Top of Data records

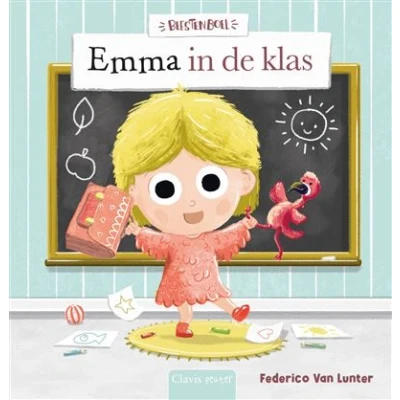 Image de Emma in de klas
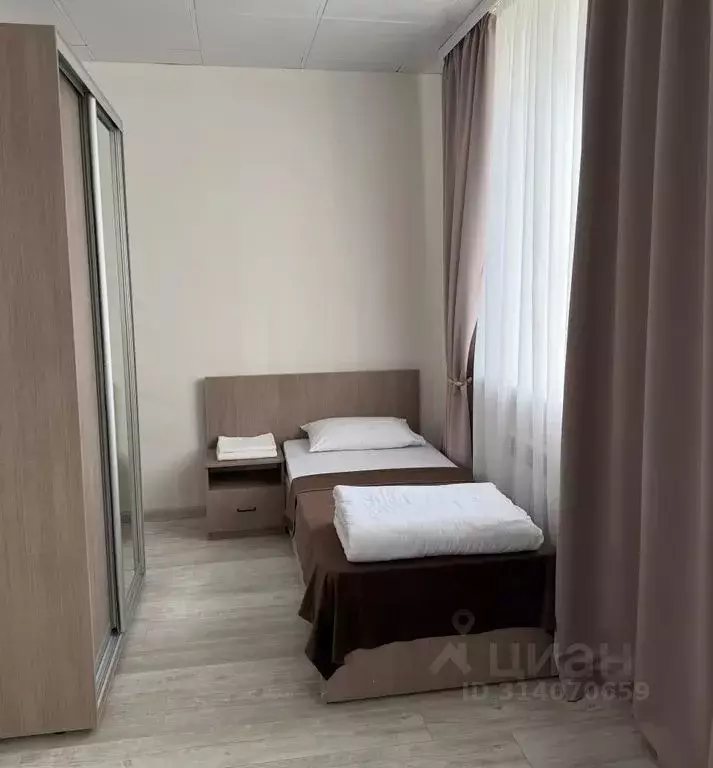 Комната Чеченская республика, Грозный ул. Грибоедова, 110 - Фото 2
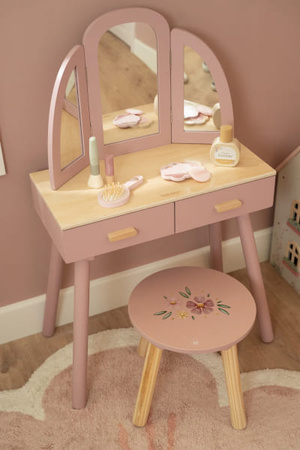 Little Dutch Drewniana toaletka FSC LD7062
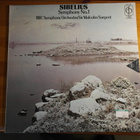 Sibelius:Symphony No.1-LP - pikkukuva 1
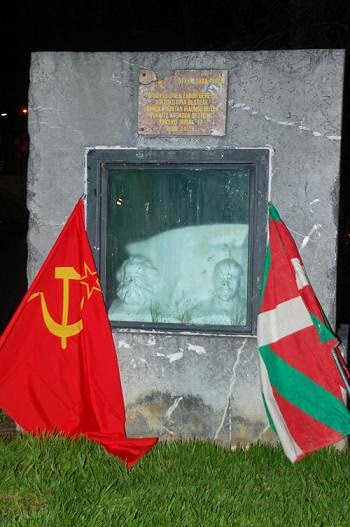 211014 Bilbau Lenine-Marx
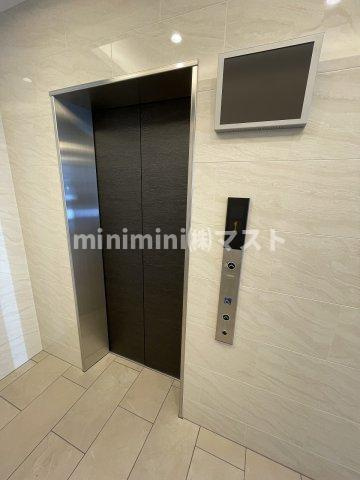 Alivis北梅田のその他共用部分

Bottom of Data records

What to produce> All of the lines above should be retyped precisely, apart from the pictures.

Answer space>
 Image de Emma in de klas
 Комната Чеченская республика, Грозный ул. Грибоедова, 110 - Фото 2
 Little Dutch Drewniana toaletka FSC LD7062
 Sibelius:Symphony No.1-LP - pikkukuva 1
 211014 Bilbau Lenine-Marx
 Alivis北梅田のその他共用部分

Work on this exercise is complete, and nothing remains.